There’s a bamboo plant on my kitchen bench. I was given it because it was supposedly unkillable - which you should never call anything, because then it’s just a challenge.
Lo and behold, this lockdown, it withered into a crispy, yellow stalk. Then it toppled over and face-planted into the benchtop, where it currently lies spreadeagle across the faux-marble like a drunk ejected from my dreary kitchen nightclub.
And, because it’s lockdown and we’re all faintly hysterical, I can’t stop attaching far too much metaphorical significance to its broken form.
Unkillable, you say.... Photo: Verity Johnson.
It looks exactly how I feel right now creatively; flat, lifeless, and overwhelmed.
For the first time ever, I’ve got time to work on my creative projects. But ironically, for the first time ever, I can’t summon even the slightest bit of enthusiasm for them.
I’ve got enough maniacal energy to repeatedly clean small kitchen appliances. But every time I sit down to write, the energy dries up. And, while the kettle looks great, it’s frustrating.
I’m obviously not alone in this.
The flat, grey, ho-hum feeling is so ubiquitous right now that the New York Times made a name for it; languishing. It refers to the funk that the past 18 months has thrown us all into.
Not depression per se, we’re not sad. Just lacking the enthusiasm, motivation and hungry joie de vivre that gets us cracking on with cracking on.
There’s also something else that has settled specifically over many creatives too, like a thick, heavy dust floating through our stale brains.
Or more specifically, our little internal voice of creative genius madness has gone off on a permanent tea break.
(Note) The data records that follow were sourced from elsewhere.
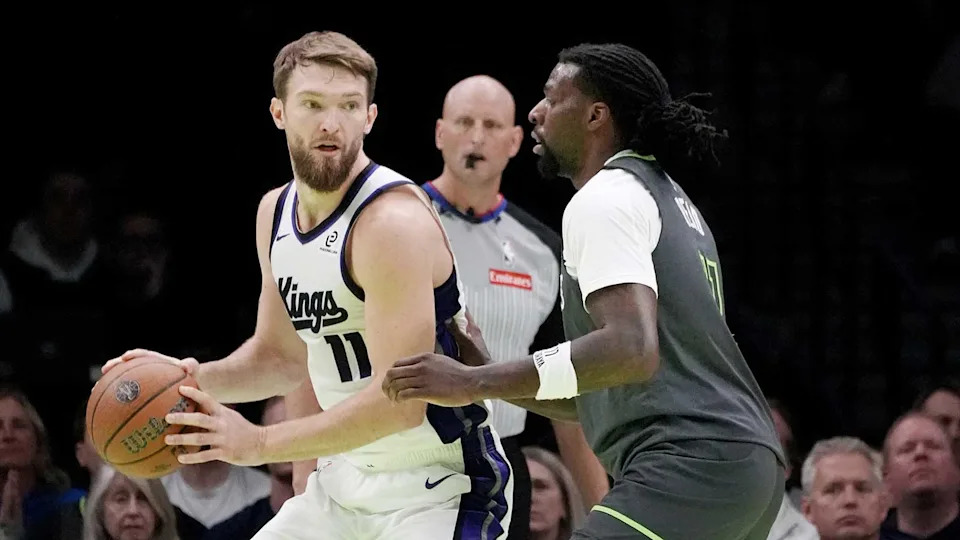 Bruce Kluckhohn-Imagn Images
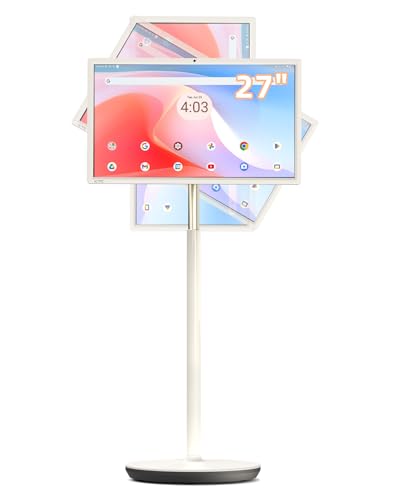 KTC MegPad 27 Inch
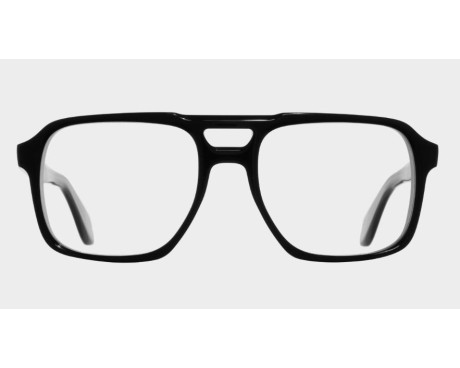 112855-Lunettes de vue Cutler and Gross CGOP-1394-57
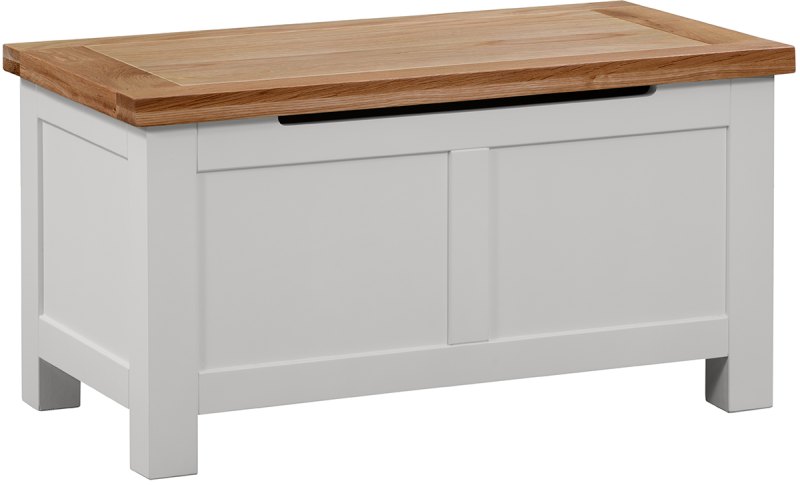 DPT021 Moon Grey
Whatever you want to call your internal voice of genius, all creative types have it in them. It’s the part of your brain that whispers fabulous ideas to you in velvety, magical midnight hours. But right now, my voice has buggered off.
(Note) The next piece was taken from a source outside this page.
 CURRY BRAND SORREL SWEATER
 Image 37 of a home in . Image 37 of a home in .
Whenever I’ve bullied myself into sitting down to write, repeating all the gym catchphrases about girt and sweat and spandex, it’s been quiet. My brain refuses to come up with anything, so I just hammer away and churn out literary drivel as inspiring as the slogans on my yoga pants.
And, if you’re anything like me, then you start punishing yourself. Screaming at yourself to dig deeper, try harder, apply yourself more rigorously, Johnson!
Unsurprisingly, this sadistic wisdom you learned from your year 4 maths teacher doesn’t work. The more you dig for inspiration, the quieter your internal voice gets.
So I started searching around for answers from other creatives. After all, sudden loss of creative inspiration isn’t unheard of - just look at every Netflix show in their third season - so someone will have a theory on how to get it back.
Then I discovered Elizabeth Gilbert’s TedTalk. Now, I know she wrote Eat, Pray, Love. But before you sniff that you’re not taking life advice from someone who spawned a thousand patronising throw pillows, just wait.
Gilbert had a similar experience with writer's block and also went looking for answers. And what she discovered was that the idea of the creative genius has changed significantly through the ages.
Before Leonardo Da Vinci, no one thought the ‘genius’ was inside the artist. It was a demon that lived separately from the artist and visited them independently. Like a pet cat that comes in and sits on your face at 2am and yowls until you pay attention.
It was only post-Leonardo Da Vinci that we started seeing someone’s creative genius as being inside them, which is when we started seeing inspiration as some kind of mysterious internal organ languishing somewhere beneath our stomach.
Gilbert suggests that seeing it as something inside you is a helluva lot of pressure. I agree. It feels like you have to keep pulling out all your insides and carving yourself up until you find where your genius organ is hiding.
She argues there's far less pressure to see it as some external, free-spirited creature. Which makes far more sense to me, because I’ve got experience at tempting grumpy cats back inside my house with trails of yoghurt and cheese niblets.
So that's what I’ve been trying. In a metaphorical, lactose-free sense.
Instead of scrabbling around in my innards looking for my inspiration, I’ve been filling my head with fascinating tidbits from other people. Reading fabulous stories, watching fascinating documentaries, or listening to curious ideas; filling myself up with fresh creative madness that has lit up far more beautiful, complex and intelligent brains than mine.
And you know what? I think it’s working.
In the distance I can hear the tinkling bell announcing that inspiration is padding back into the room again, ready to sniff around the fresh ideas I’ve been laying out for it.